Local Host vs. Distant Host
BBN report 1822 specifies three types of interfaces: Local Host - LH, Distant Host - DH, and Very Distant Host - VDH. The VDH standard specifies a synchronous serial line protocol and need not concern us further. LH and DH are variations of the same basic bit-by-bit handshaking, bit-serial, full-duplex interface. They differ only in the electrical specifications of the signals traveling on an 1822-to-1822 cable. Both LH and DH define five signals each for inbound and outbound traffic - a total of ten signals. Two of the signals (four wires) are simple relay contact closures IMP Master Ready, IMP Ready Test, Host Master Ready, Host Ready Test and are the same for LH and DH. The other eight signals - four in each direction - are potentially high speed data signals: Host Data, There’s Your Host Bit, Ready For Next Host Bit, and Last Host Bit (plus of course the corresponding signals for the IMP). Host Data, There’s Your Host Bit, Last Host Bit, and Ready For Next IMP Bit are signals away from the local 1822 interface, the others are to the local interface.
The Local Host interface was designed for no more than a 30 foot cable. The eight signals employ TTL voltage levels plus a twisted pair ground for each signal. This type of interface is used for Maxc1 and Maxc2’s Arpanet connections.
The Distant Host interface was designed for cable runs of up to 1000 feet. In order to obtain reliable transmission over this distance, each of the eight signals is on a differential pair. In this scheme, the state of the signal is represented by the relative voltage across the pair of wires - positive or negative. Differential signals enjoy greater immunity from common sorts of interference than do TTL signals. The Packet Radio interface is of the Distant Host variety.
Why do we care?
Because the LH and DH interfaces differ only in this small matter, the Alto-1822 was designed to be compatible with both. The IC’s chosen to interface the circuit board to the 1822 cable (four Line Drivers and four Line Receivers) can act either single ended (for LH) or differential (for DH) by appropriate choice of external wiring.

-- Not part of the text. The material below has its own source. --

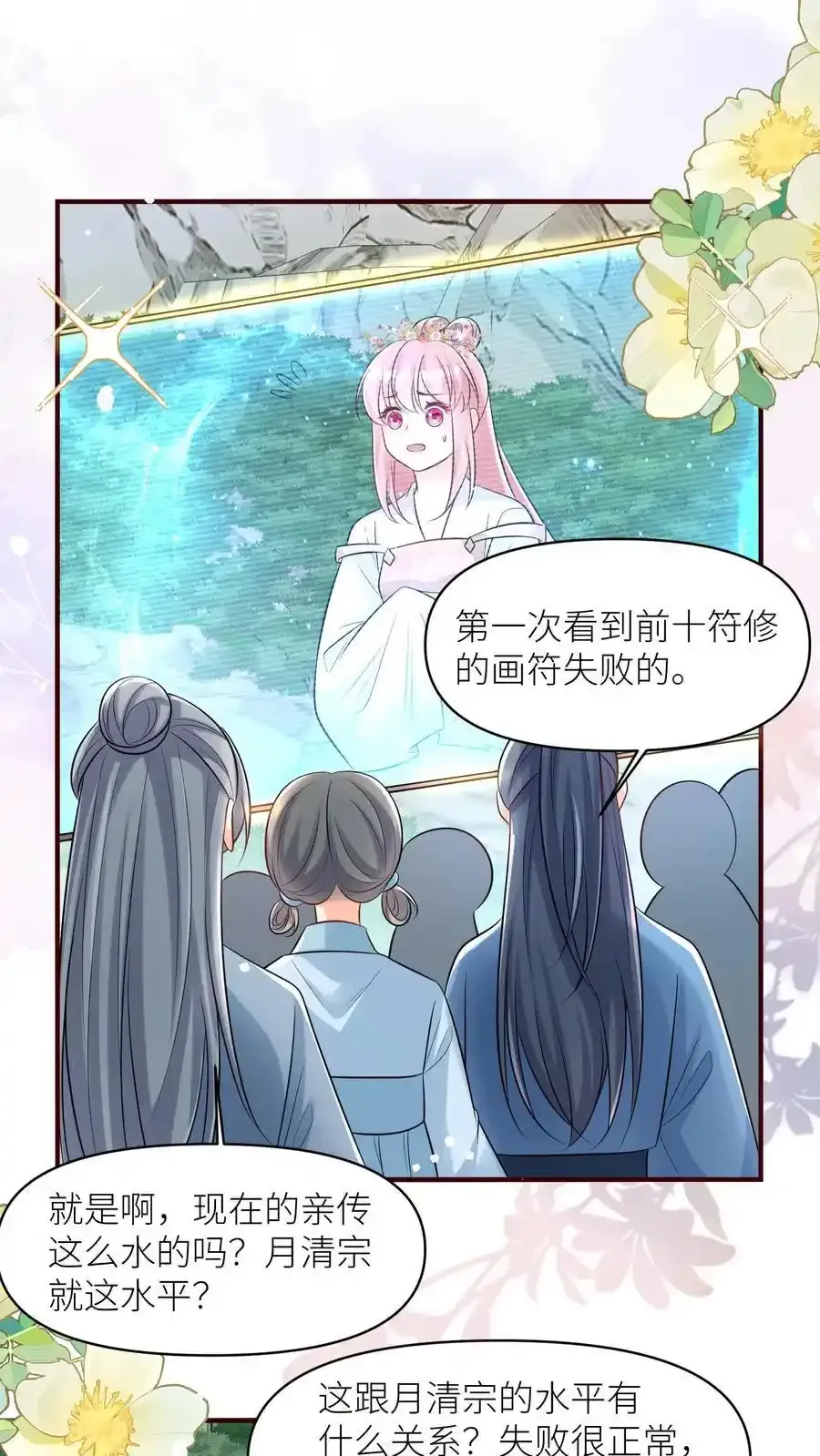 第198话 师叔的黑暗料理真恐怖！1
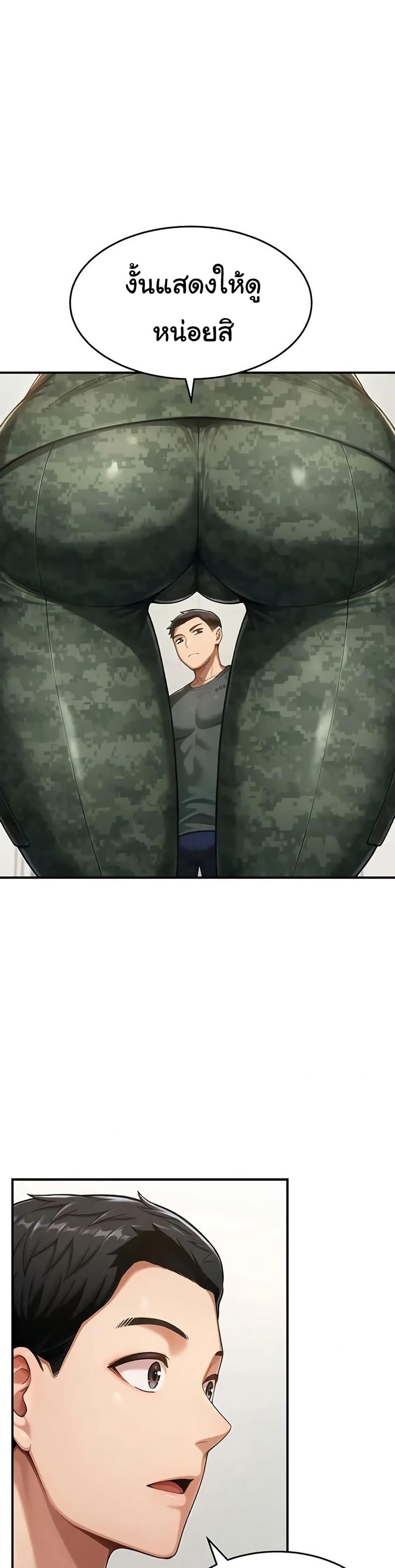 Doujin-Lc- อ่าน โดจิน มังฮวา เกาหลี ญี่ปุ่น จีน แปลไทย Women’s Army ตอนที่ 1 2 3 4 5 6 7 8 9 10 11 12 13 14 ฟรี ไม่มีโฆษณา อ่าน โดจิน Manhwa เกาหลี ญี่ปุ่น จีน เรามีครบ คัดมาให้เน้นๆ โดจิน 18+ รับประกันความฟินโดย  Doujin Lc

The line drivers are fairly simple. Each of the four consists of a non-inverting and an inverting TTL line driver. By using only the non-inverting side (against ground) and leaving the inverting output floating free, a single-ended output is obtained. By using both outputs, a differential output is obtained.

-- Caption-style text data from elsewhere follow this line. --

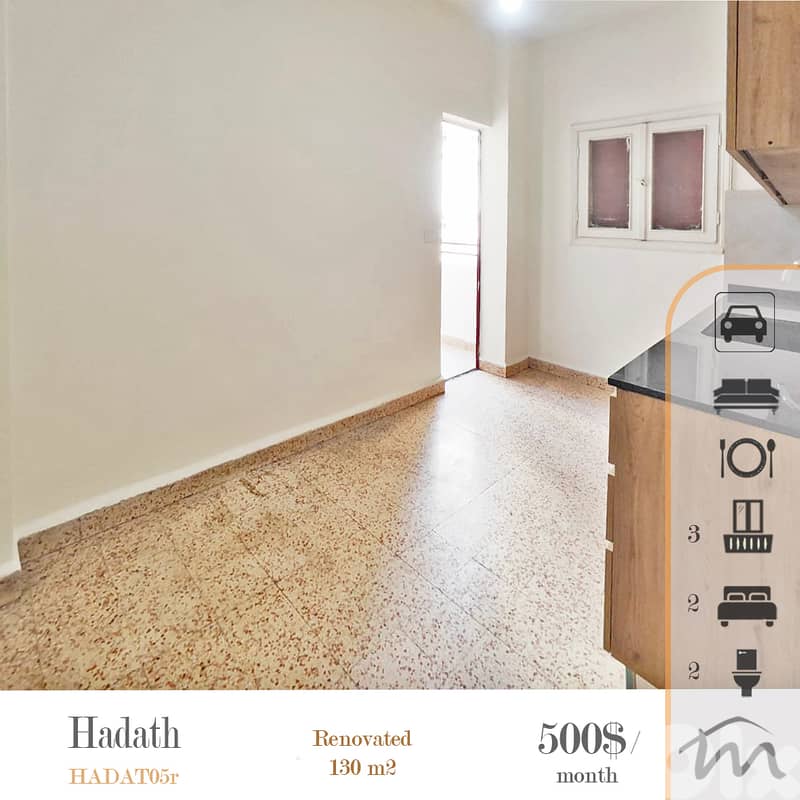Hadath | Renovated 2 Bedrooms Apartment | 3 Balconies | Parking Spot 0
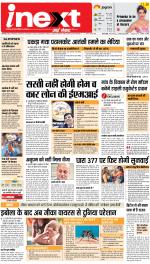 Bareilly Upcountry ePaper:Meerganj News Paper,Nawabganj News Paper - Inext Live Jagran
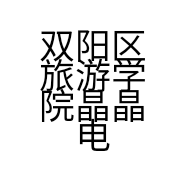 王陈模型店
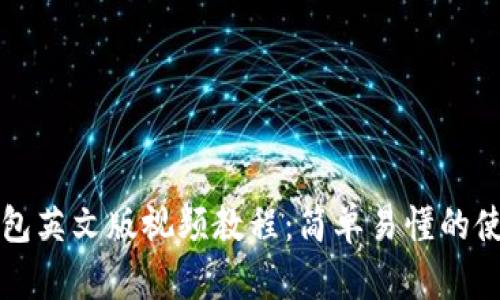 小狐钱包英文版视频教程：简单易懂的使用指南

The line receivers are a bit more tricky; at base, they are differential line receivers sensitive enough to detect polarity differences of about a tenth of a volt, but robust enough to withstand about 20 volts (plus or minus). By using both inputs, a differential line receiver is obrtained with no difficulty. In order to obtain a TTL receiver, one of the differential inputs is tied to a voltage reference midway between the TTL ’0’ and ’1’. The chip will sense a differential input voltage appropriate to the state of the TTL line against ground.
The difficulty with the Alto-1822 arises in how to switch between these two cases. The solution evolved into making all the signals for both LH and DH available at the edge of the board. By appropriate design of the cable to the remote 1822 device, either LH or DH signalling could be used.
The wire-wrap Alto-1822’s
Two wire-wrap Alto-1822 interfaces have been constructed on GP wire-wrap boards. The Internal cable for these consists of a paddle board edge connector wired to a DB-37S connector through a 16 twisted pair cable.

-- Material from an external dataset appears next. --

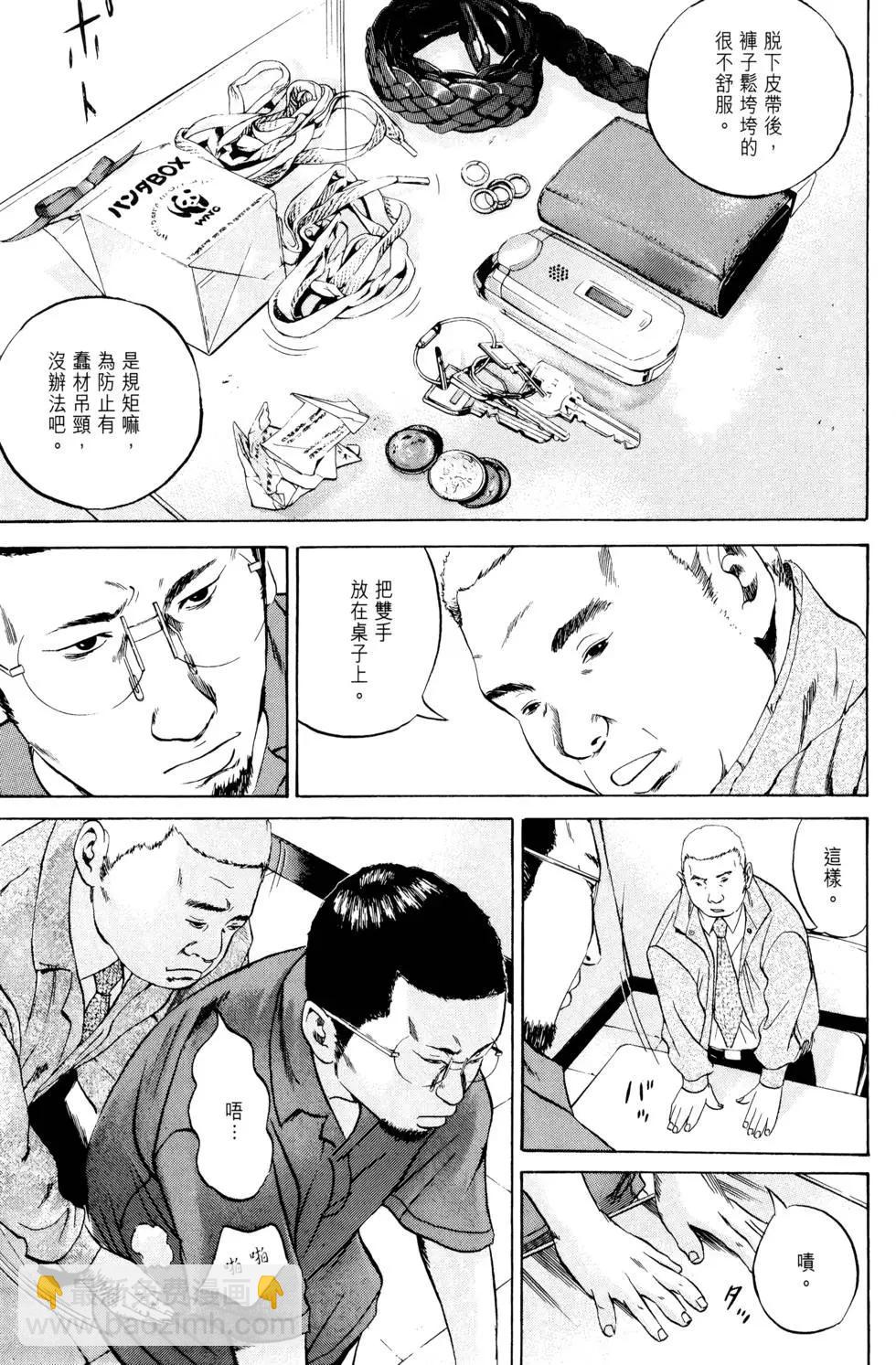 《暗金丑岛君》第04卷 第49页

For each input signal, four wires appear at the DB-37: Signal, Signal’, Ground, and 2Volts. For LH, Signal and Ground are used while 2Volts is wired to Signal’. For DH, Signal and Signal’ are used (Ground may be used when a cable with individually shielded pairs is employed).
For each output signal, three wires appear at the DB-37: Signal, Signal’, and Ground. For LH, Signal and Ground are used while Signal is left free. For DH, Signal and Signal’ are used. As before, ground may be used for the twisted pair shield.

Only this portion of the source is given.